To be clear, I am a proponent of capitalism and free markets and am wary of over regulation. However, it is easy to understand the cynicism of the public regarding “big business” and how they run the show and know how to work the system and hide behind legalese which no consumer could ever reasonably be expected to understand on their own. Besides that, there is the inherent intimidation strategy of throwing resources at a case which most consumers could never expect to match.
As mentioned, I understand there are countless situations of fraudulent claims and these need to be fought diligently. I understand the desire to not acquiesce for sake of precedence.
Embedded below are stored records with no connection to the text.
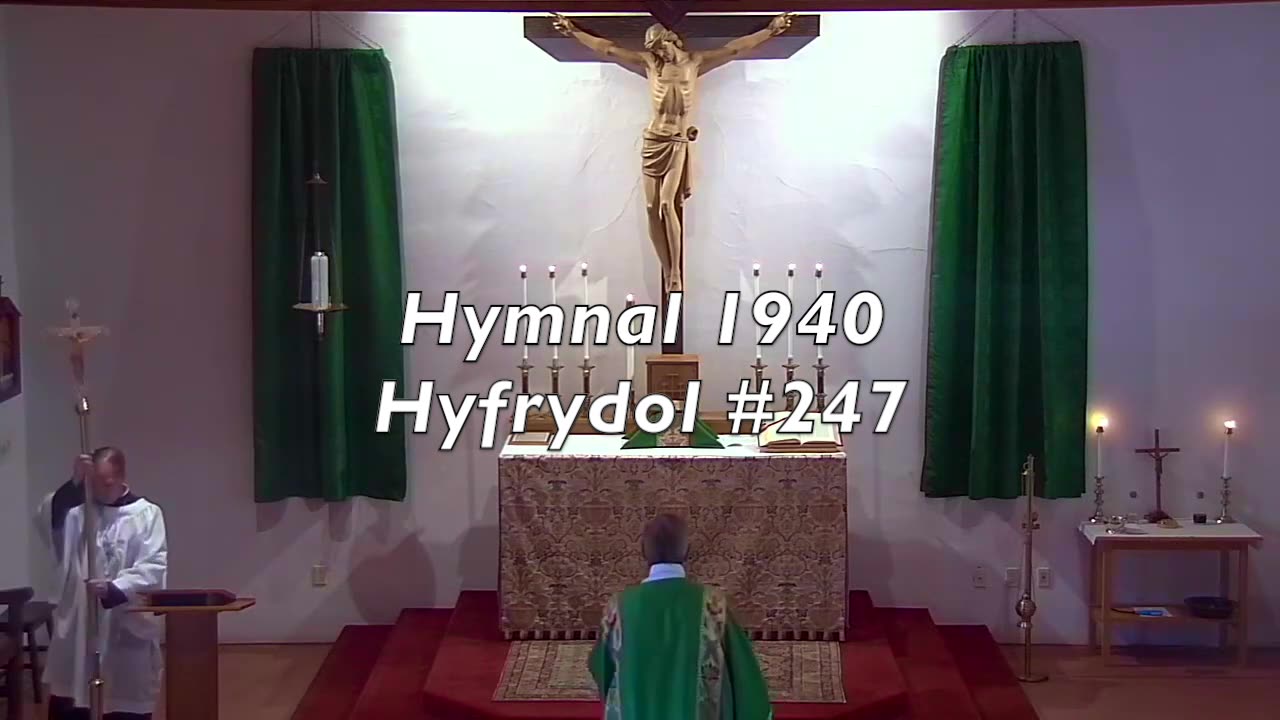 Hyfrydol #247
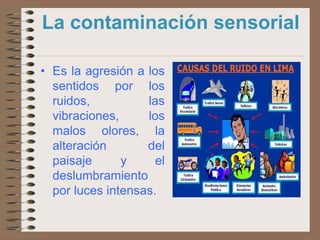 La contaminación sensorial

• Es la agresión a los
  sentidos por los
  ruidos,          las
  vibraciones,     los
  malos olores, la
  alteración       del
  paisaje      y     el
  deslumbramiento
  por luces intensas.
 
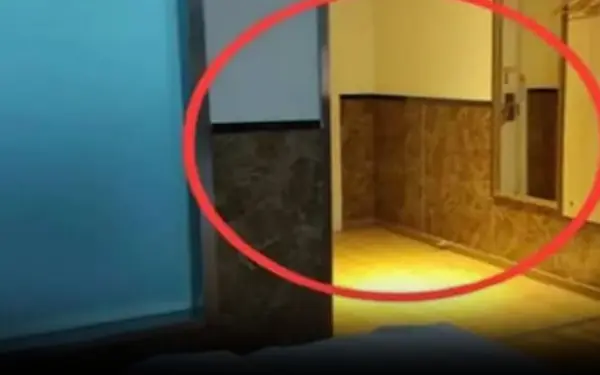 Why do wise people leave the bathroom light on overnight if they stay in a hotel?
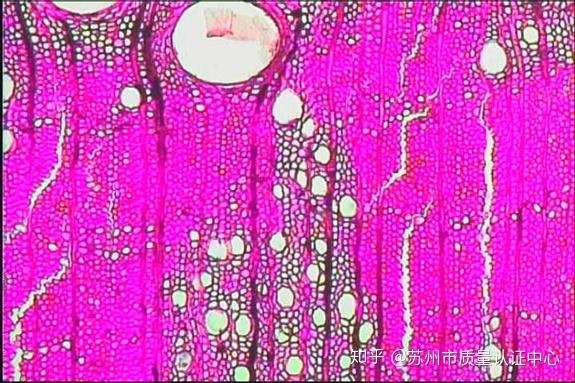 消费指南-一字之差,橡胶木≠橡木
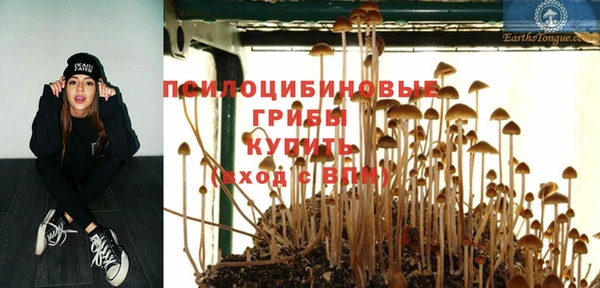 мет Алексеевка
Certainly there are attempted money grabs and claims of unreasonable “damages”. However, to unload with both barrels at anyone with the gumption to complain who, backed by evidence, sincerely feels to have suffered consequences as a victim of misrepresentation is shameful and unconscionable.
There is a pragmatic reason I care as well. All of this makes my life, and those of everyone trying to professionally deliver products and services to the market, needlessly difficult because the cynicism is understandably ramped up to such a level that we spend a meaningful percentage of our time convincing prospects we’re not the bad guys. We have to spend significant effort trying to convince the consumers that the same corporations marketing to them aren’t going to do everything they can to take advantage of them and pull out all the stops to fight them when the first thing doesn’t go their way. In other words, cynicism isn’t fabricated; it’s earned.
There has to be a better way.
UPDATE: I recently learned the arbitration panel ruled in the claimants’ favor and awarded damages. I am pro-insurance and generally pro-corporation but it does feel good to see irresponsible parties held accountable.